For Release:  Monday, May 14, 2001

Last year, the NRA promised that if George W. Bush won the election, they’d be operating out of the White House. Today’s announcement is just the latest proof that this brazen statement was not an idle boast.

WASHINGTON, DC -The Bush gun violence plan released today focuses almost solely on prosecution, ignoring the wide range of proven strategies from point of manufacture to end use that can be employed to reduce firearms death and injury. President Bush’s after- the-fact approach deals almost exclusively with the end product of gun violence prosecuting offenders after the shots have been fired and the victims injured or killed. By doing so, President Bush refuses to acknowledge the significant roles prevention and thorough front-end enforcement can play. The Bush plan offers nothing to ensure that guns are not obtained by felons and other prohibited persons in the first place.

The prosecution-only approach adopted by Bush is a political, not public safety, strategy. It was created by the National Rifle Association (NRA) and its lineage can be traced back to the NRA’s much-hyped Project Exile initiative. Recognizing Bush’s close ties to the gun lobby, it is probably no coincidence that this plan was offered the same week the NRA begins its annual convention.

The Bush Administration is sidestepping an important opportunity to enact a true enforcement mechanism – expand the Brady background check beyond licensed dealers to include all gun purchases. The secondary market of individual, private sales allows felons, domestic abusers, and other prohibited persons to buy guns without background checks. Gun shows offer one example of the abuse of this loophole, although the Internet and newspaper classified ads also contribute.
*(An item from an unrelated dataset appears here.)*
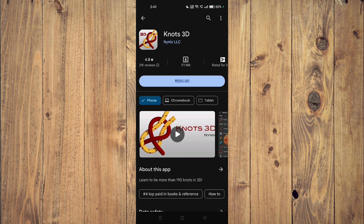After purchasing, you can click on install and the installation will start. After the installation is completed, you can click on open and the app will launch on your mobile phone.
While the Bush proposal provides a small amount of funding to improve records, such records are accessed only for background checks by licensed dealers.

President Bush should also be aware that his federal prosecution-only approach may be on shaky legal ground. A Federal District Court in Philadelphia, site of the President’s press conference today, raised doubts about the jurisdiction of federal courts in felon-in-possession cases which the Court viewed as out of step with modern Commerce Clause jurisdiction. Ironically, the Court based its determination on United States v. Lopez, 514 U.S. 549 (1995), the gun-lobby backed case which overturned the Gun-Free School Zone Act. The court found that possession of a firearm is not a commercial activity, a requirement of other Commerce Clause cases.

Last year, the NRA promised that if George W. Bush won the election, they’d be operating out of the White House. Today’s announcement is just the latest proof that this brazen statement was not an idle boast.